Exercise goal ::
What the task requires is an exact printout of the listing below, pictures excluded.

Given data ::
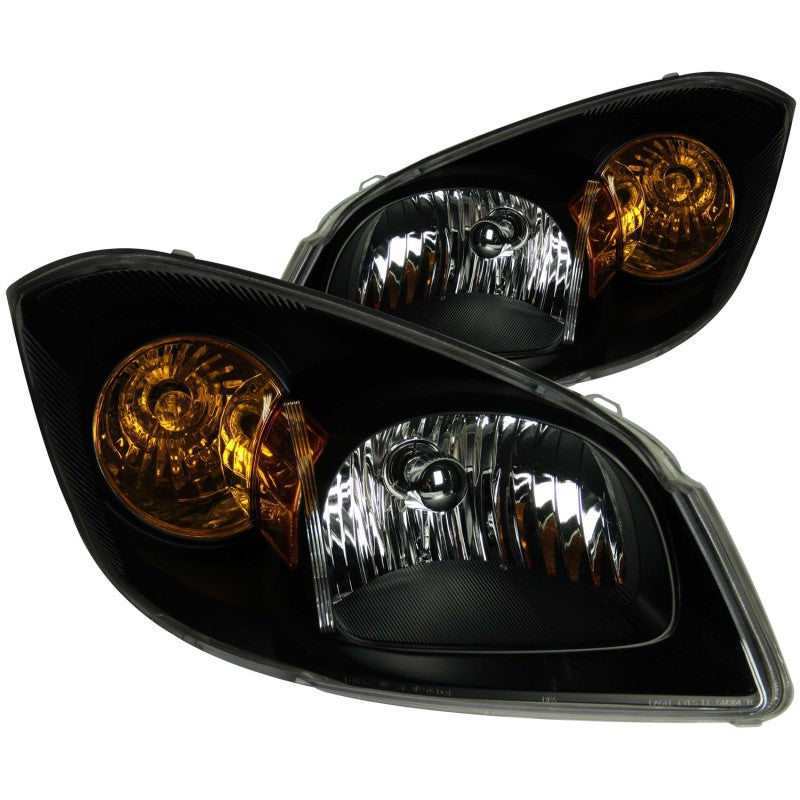 ANZO 2005-2010 Chevrolet Cobalt Crystal Headlights Black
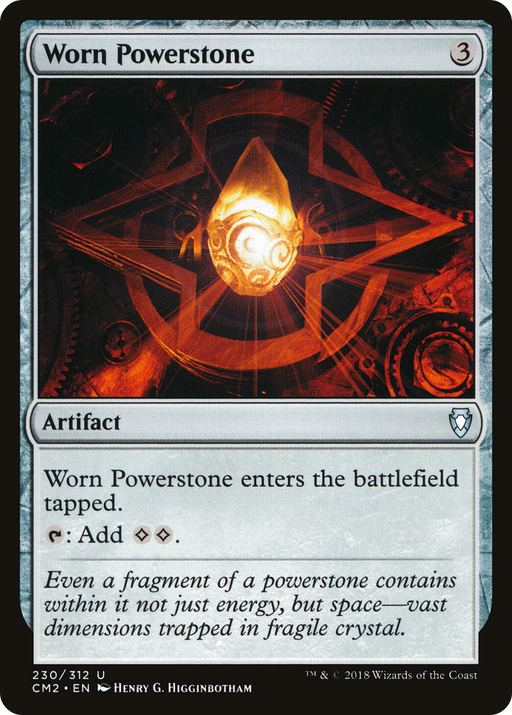 Worn Powerstone (CM2-230) [Commander Anthology Volume II] MTG Single Wizards of the Coast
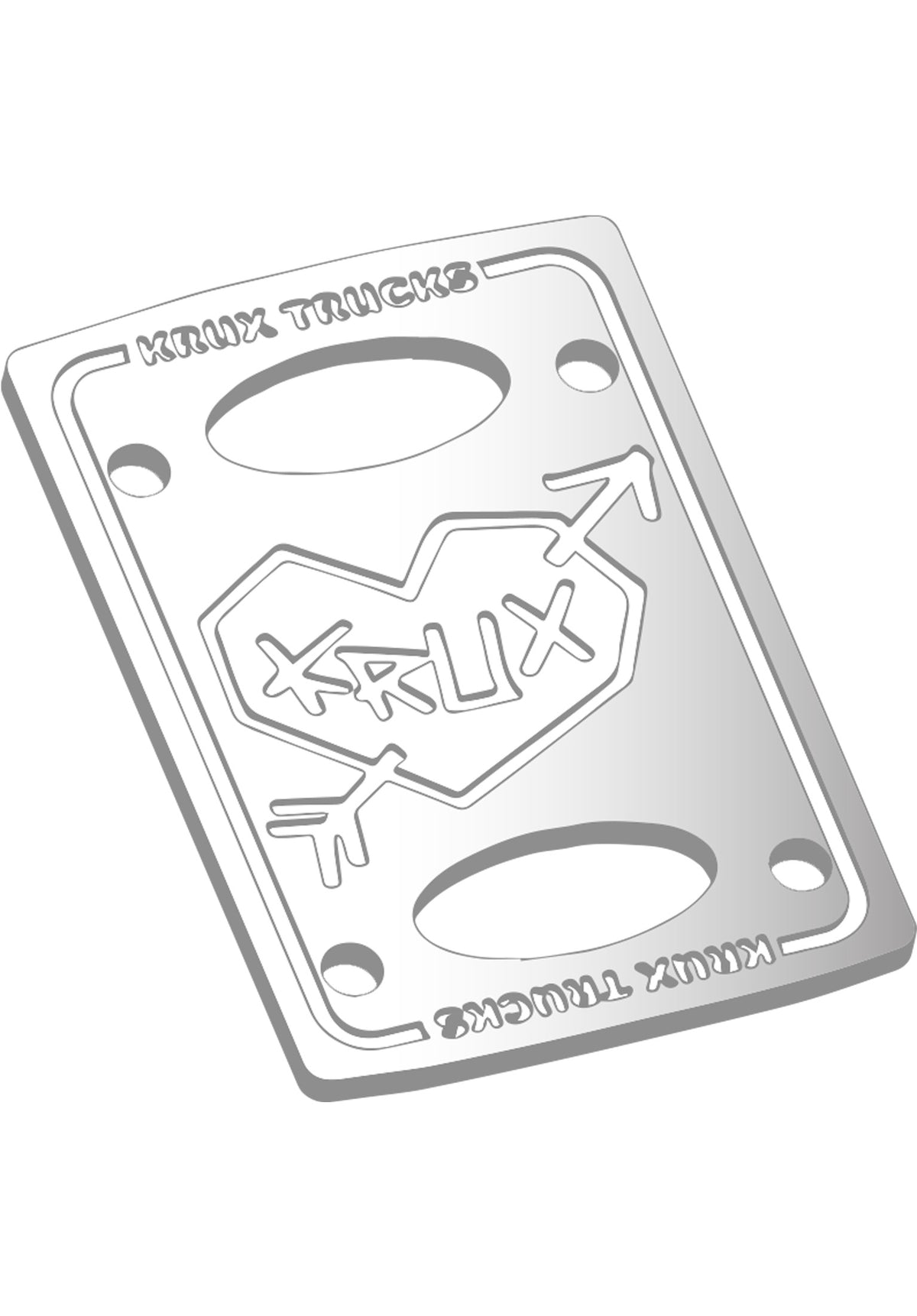 Krux 1/4 Pack Of 6 Riser-/Shockpad silver – Rückenansicht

Exercise result ::
 ANZO 2005-2010 Chevrolet Cobalt Crystal Headlights Black
 Worn Powerstone (CM2-230) [Commander Anthology Volume II] MTG Single Wizards of the Coast
 Krux 1/4 Pack Of 6 Riser-/Shockpad silver – Rückenansicht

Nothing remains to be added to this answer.